Maturity doesn't always come with age. Age is just a number of how many years we have been on the planet and doesn't signify the quality and maturity of the soul. At least this has been my experience. What I find interesting is some of the most inspiring people I have met lately have been those much younger than me. I've been amazed at the insight and quality many young people bring to the table and luckily many have crossed my path. It's funny because it doesn't make me feel insecure, but it enlivens and reminds me that it's time to continue to broaden my scope. That's the beauty of some of the youth coming up today because they are revelling in possibility and connection. They get it and aren't nearly as afraid and fearful. Honestly it's a breath of fresh air and I welcome it and will continue to encourage them even as I steadily do my own internal work.

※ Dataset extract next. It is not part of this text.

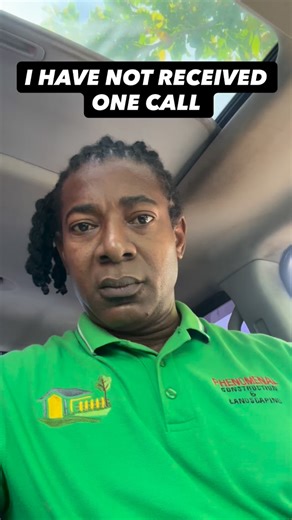 Warranty provided by Phenomenal Construction to customers is backed by insurance. The policy works similar to motor vehicle insurance, the more claims you make the more expensive the policy becomes. With this in we work to ensure there is never any rework so there is no need for us to make a claim To not have any complaints from customers about leaks before during and after the passing of a catastrophic category 5 Hurricane is Phenomenal. You can trust your roofing construction or renovation to 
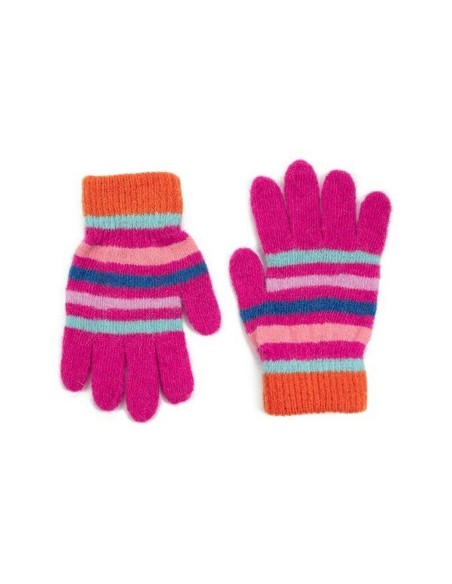 Gloves art 23333 fraser children's Art Of Polo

With the New Year, I'm reminded that the time lived doesn't matter. It is how we use the time we are given that matter. Yeah, I can practice Yoga everyday but it is in the application of practice in my life that carries the most weight. Years racked up are meaningless if I haven't made the definitive choices to allow transformation to happen.

Youth is definitely an energy. And in the same light, some of the most youthful people I know are much older than me. Curiosity and the willingness to learn keep this energy in motion and are not only the markers of the youthful but the wise.

Like it or not, we are coming into an age where labels, status symbols, and hierarchies are becoming obsolete. Associations are not the only thing that gets us anywhere. It is in the heart of our intentions and the truth we carry within ourselves that will be the fuel to drive us forward and upward.